Changing RMD Formula

I have a client who was the beneficiary of a $250,000 Governmental 457 plan. The client was the wife of the account holder, and she was 15 years younger than her spouse. The spouse who passed away was 88. The wife was 73. The wife elected to keep the money in the 457 plan, and begin receiving the RMDs under the joint life expectancy tables because she was over 10 years younger than the husband. Now, she is arguing that she can rollover the 457 plan assets to her own individual traditional ira. If she did this, then she said that she would be able to use a divisor which is much higher (24 versus the 15 that is being used now). By allowing for a new RMD table and calculation, she claims that she can reduce her RMD amount by roughly $7,000 per year.

The question is: once she has elected and began to receive the RMDs under the joint life expectancy table, can she now all of a sudden switch and rollover those funds to a traditional ira, and elect to receive a now more favorable payout based on her life expectancy only, and thus reducing her RMD and potentially saving her thousands of dollars per year in taxable income ?



  • Actually, she was not entitled to use the joint table after the year of her husband’s death. Table II only applies while both spouses are living. She should have been using Table I all along, so she has taken insufficient RMDs from the plan. She can probably get the penalty waived by filing a 5329 and bringing the shortfall current, since the plan administrator erred by allowing use of the wrong table. The plan may also have problems with the IRS as a result.
  • At this point, she should roll this plan balance over to her own IRA and begin using the Uniform Table. RMDs will be much lower than continuing an inherited account, and the stretch provisions for HER beneficiary will be protected. Assuming that the husband’s death was prior to 2015, the plan should withhold her correct beneficiary RMD from the IRA rollover, and her reduced Uniform Table RMDs begin next year.

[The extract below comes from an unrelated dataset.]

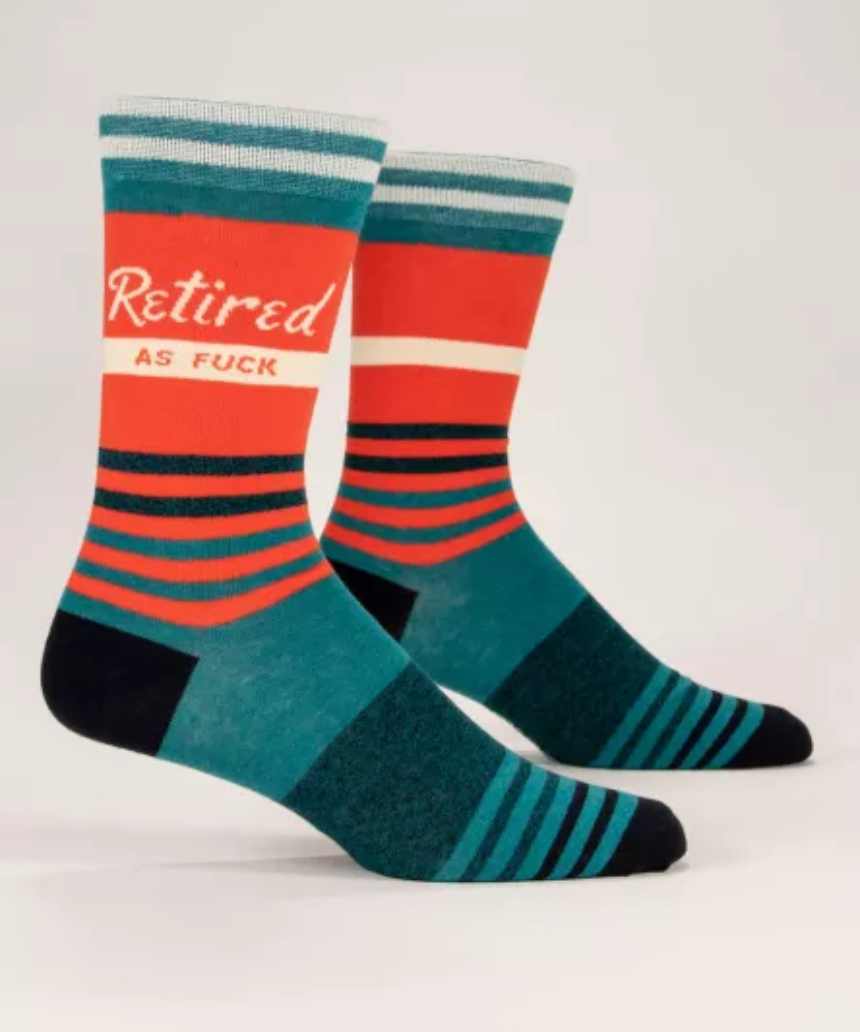 Blue Q retired M-Crew socks featuring a vibrant blue color and comfortable crew length design.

So, if I understand correctly, the administrator should have been using the single life expectancy table–Table 1–and not Table 2 (joint) because the spouse is still living, and because they used Table 2 a smaller RMD was taken out than what have been required under table 1. Is this correct ?So, in this case, it probably would have made sense for her to rollover the funds over to an IRA after her husband’s death if the major concern was reducing the RMD because in that case Table 3 would have been used for RMDs from an IRA ?



Yes, you are correct regarding both questions, except that Table II ended with the year of death of first spouse to pass because that was the final year that both spouses were living.